## EXERCISE
The result should be the lines from the one holding "CardCorner 1984 Topps" to the final line of the records below, repeated exactly and with no pictures.

══════

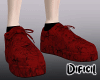 | Red Sneakers
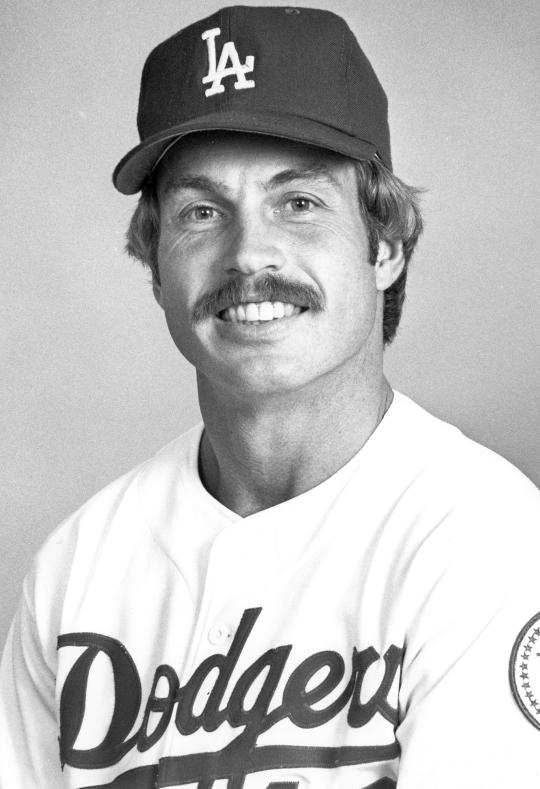 CardCorner 1984 Topps Ron Cey Baseball Hall of Fame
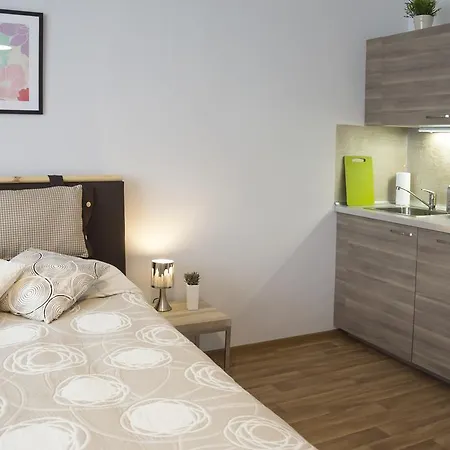 Apartament Krakovska 5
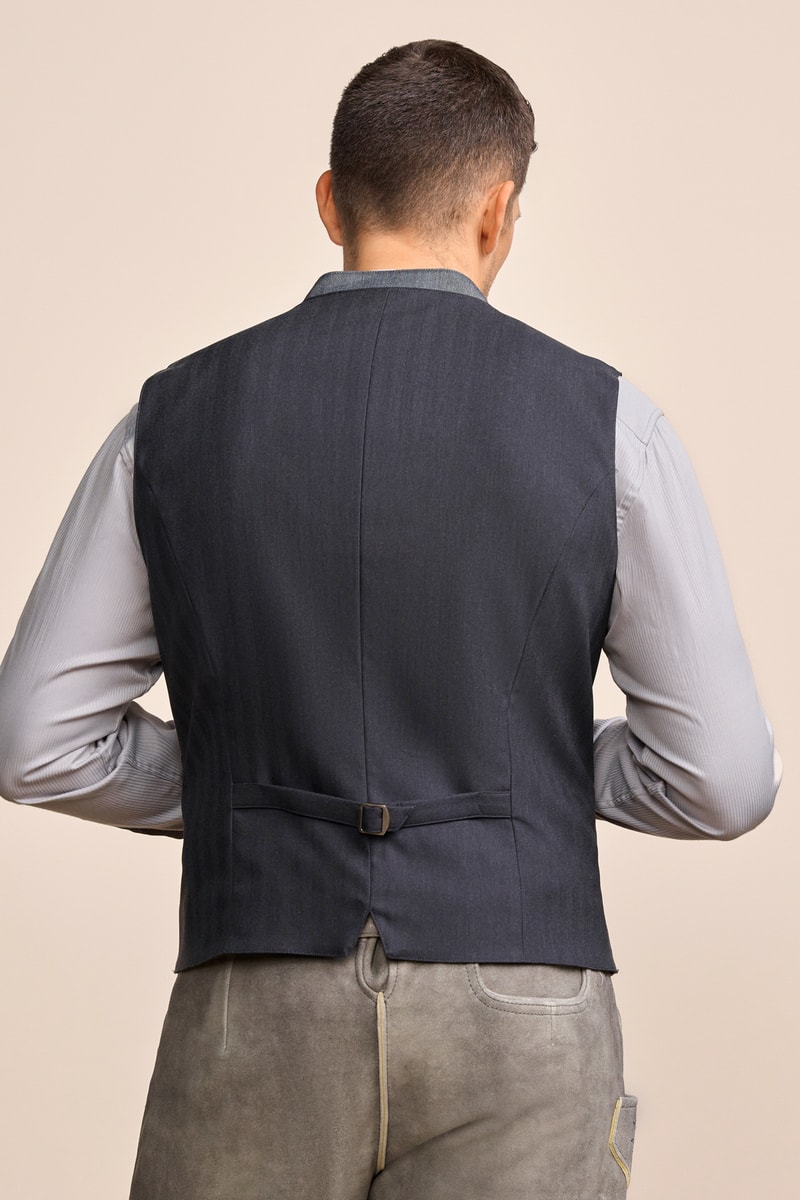 Trachten waistcoat Silvan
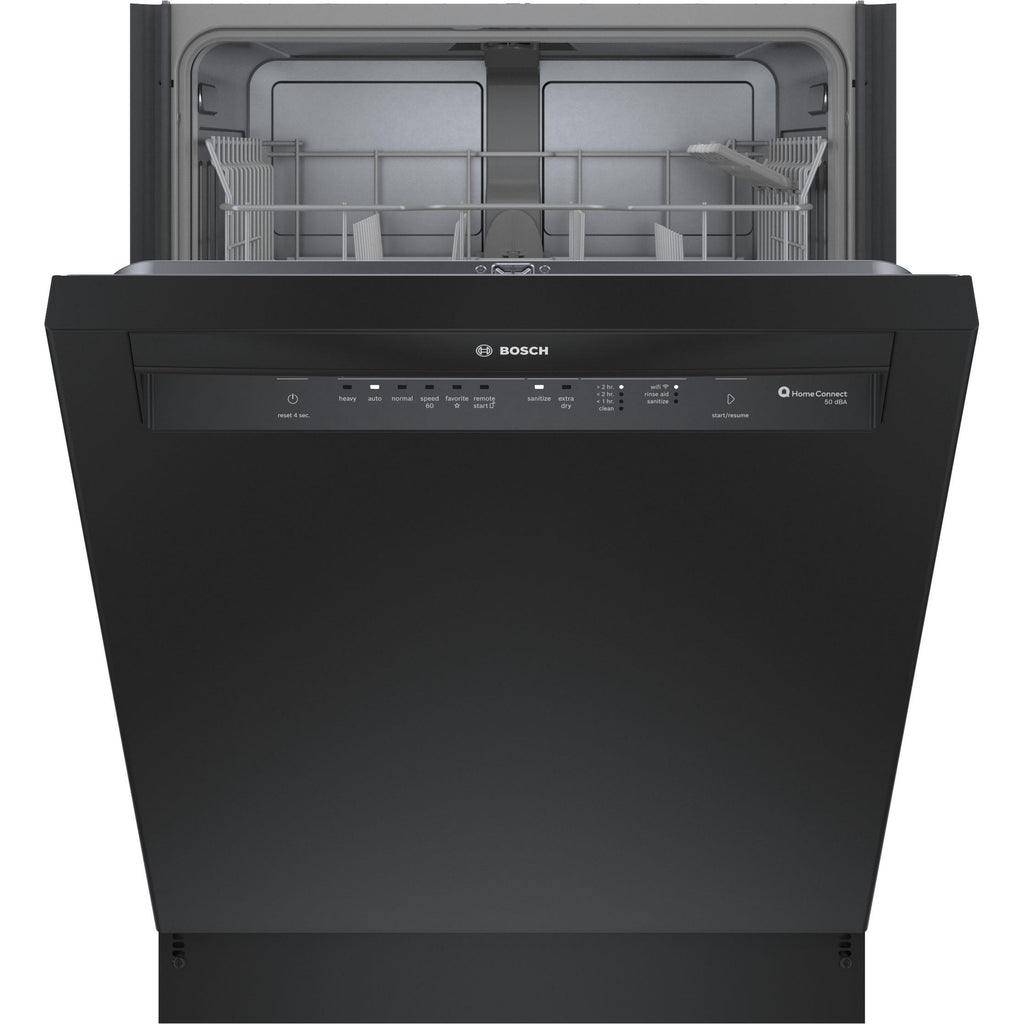  Bosch Built-in Dishwasher with Home Connect® SHE3AEM6N IMAGE 3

══════

## TASK SOLUTION
 CardCorner 1984 Topps Ron Cey Baseball Hall of Fame
 Apartament Krakovska 5
 Trachten waistcoat Silvan
  Bosch Built-in Dishwasher with Home Connect® SHE3AEM6N IMAGE 3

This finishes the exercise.